This approach has 3 steps:

  1. Put all the names of the .csv files into a dataframe.
  2. For each row in the dataframe, run a function which imports the file as a dataframe.
  3. Combine all these dataframes together.
Putting the filenames into a dataframe

Because list.files produces a vector, we can make them a column in a new dataframe:

raw.files <- data_frame(filename = list.files('data/multiple-file-example/'))

And we can make a new column with the complete path (i.e. including the directory holding the files), using the paste0 which combines strings of text.

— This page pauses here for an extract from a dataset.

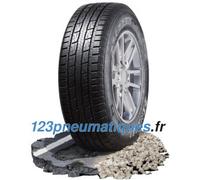 General Grabber HTS 60 ( 265/60 R18 110T EVc, avec rebord protecteur de jante OWL )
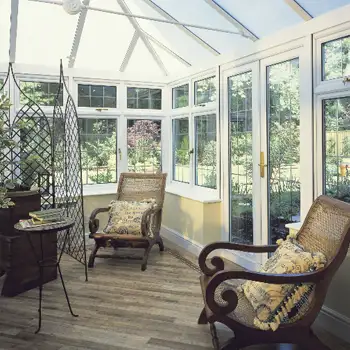 Modern Enhancements for Comfort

We wouldn’t have to do this if the raw files were in the same directory as our RMarkdown file, but that would get messy.

raw.file.paths <- raw.files  %>%
  mutate(filepath = paste0("data/multiple-file-example/", filename))

raw.file.paths %>%
  head(3)
# A tibble: 3 x 2
  filename     filepath                               
  <chr>        <chr>                                  
1 person1.csv  data/multiple-file-example/person1.csv 
2 person10.csv data/multiple-file-example/person10.csv
3 person11.csv data/multiple-file-example/person11.csv
Using do()

We can then use the do() function in dplyr:: to import the data for each file and combine the results in a single dataframe.

The do() function allows us to run any R function for each group or row in a dataframe.

The means that our original dataframe is broken up into chunks (either groups of rows, if we use group_by(), or individual rows if we use rowwise()) and each chunk is fed to the function we specify. This function must do it’s work and return a new dataframe, and these are then combined into a single larger dataframe.

So in this example, we break our dataframe of filenames up into individual rows using rowwise and then specify the read_csv function which takes the name of a csv file, and returns the content as a dataframe (see the importing data section).

For example:

raw.data <- raw.file.paths %>%
  # 'do' the function for each row in turn
  rowwise() %>%
  do(., read_csv(file=.$filepath))

We can check these data look OK by sampling 10 rows at random:

raw.data %>%
  sample_n(10) %>%
  pander()
Condition trial time person RT
2 20 1 24 286.3
2 3 2 14 301.8
3 22 2 35 211.2
1 16 2 4 215.4
2 24 2 20 383.8
4 19 2 47 172.5
4 15 1 37 188.7
2 12 2 23 176.6
3 11 2 26 242.5
3 19 1 28 246.8
Using custom functions with do()

In this example, each of the raw data files included the participant number (the person variable). However, this isn’t always the case.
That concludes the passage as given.